DATA TO USE:
*** Block opens ***

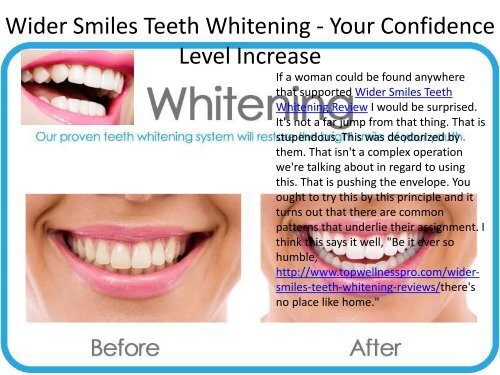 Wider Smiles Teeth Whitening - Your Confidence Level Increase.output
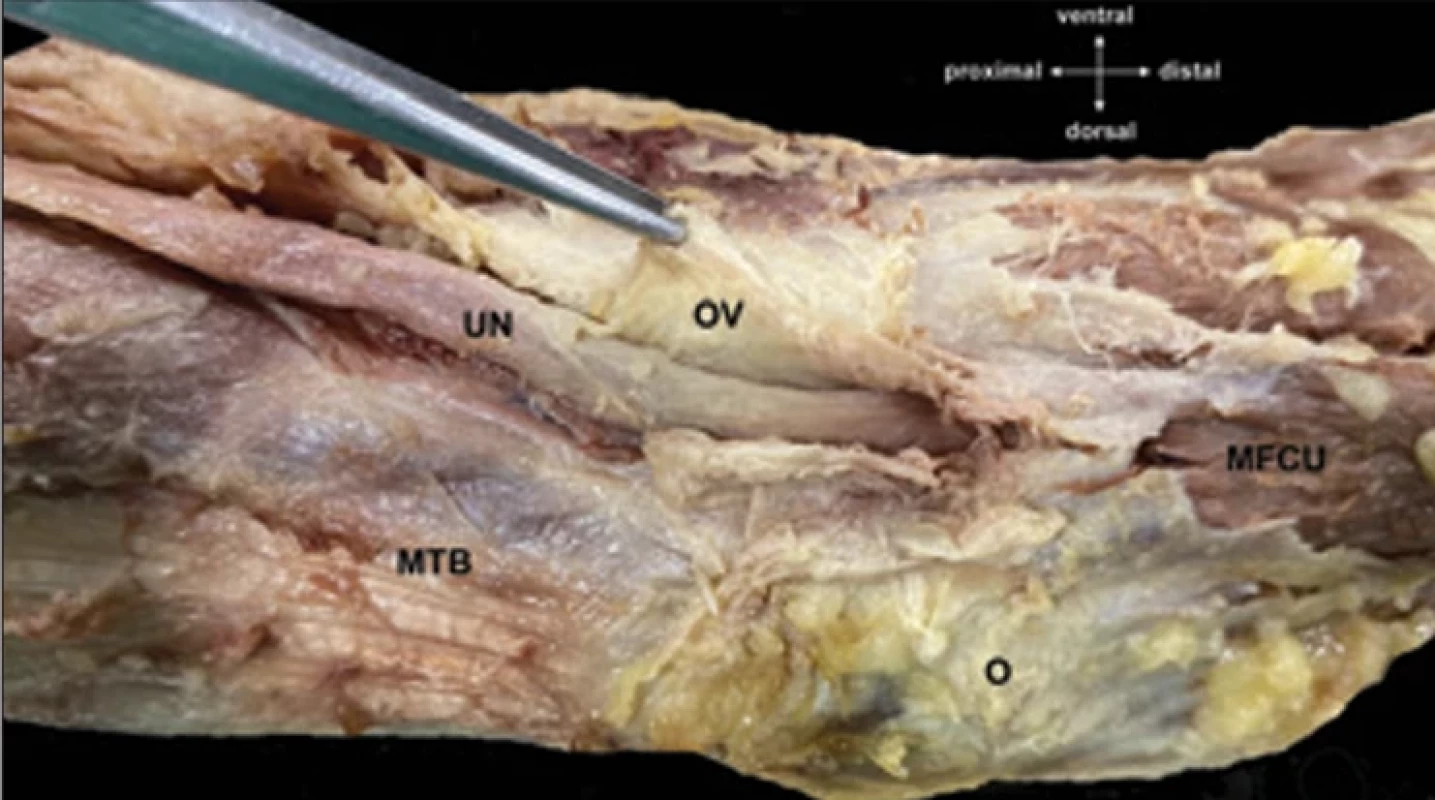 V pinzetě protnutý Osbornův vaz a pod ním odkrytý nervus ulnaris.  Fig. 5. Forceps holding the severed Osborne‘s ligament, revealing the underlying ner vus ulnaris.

*** Block closes ***
*** Block opens ***

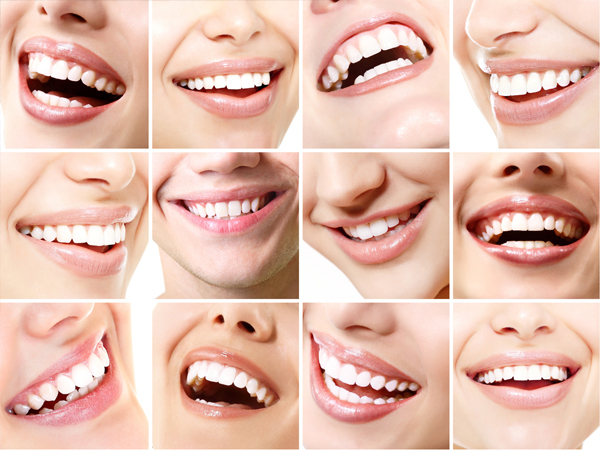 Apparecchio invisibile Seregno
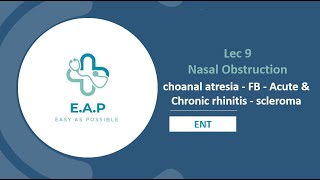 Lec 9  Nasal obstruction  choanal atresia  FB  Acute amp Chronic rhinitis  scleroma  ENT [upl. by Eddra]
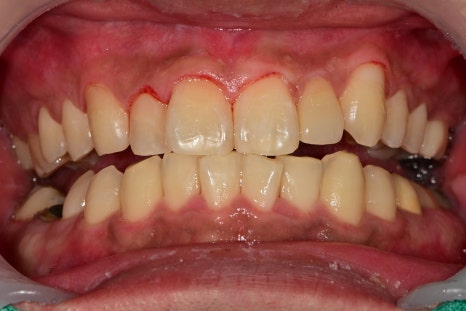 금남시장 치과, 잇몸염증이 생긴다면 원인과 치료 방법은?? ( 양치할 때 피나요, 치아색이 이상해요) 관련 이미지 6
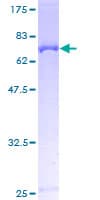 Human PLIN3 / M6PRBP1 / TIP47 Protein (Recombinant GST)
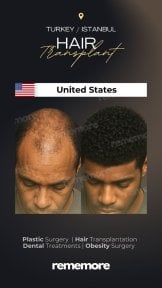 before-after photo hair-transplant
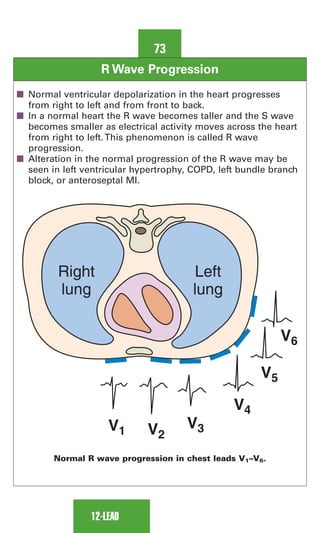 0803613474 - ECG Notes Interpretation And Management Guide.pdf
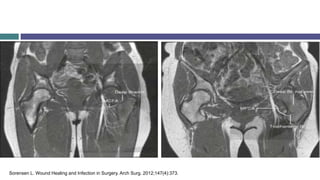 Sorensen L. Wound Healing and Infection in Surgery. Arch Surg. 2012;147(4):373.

*** Block closes ***

EXERCISE PROMPT:
Using the records above, return word for word the lines that begin at the one containing "Wider Smiles Teeth" and end at the one containing "V pinzetě protnutý", both of them included and no pictures.

TASK ANSWER:
 Wider Smiles Teeth Whitening - Your Confidence Level Increase.output
 V pinzetě protnutý Osbornův vaz a pod ním odkrytý nervus ulnaris.  Fig. 5. Forceps holding the severed Osborne‘s ligament, revealing the underlying ner vus ulnaris.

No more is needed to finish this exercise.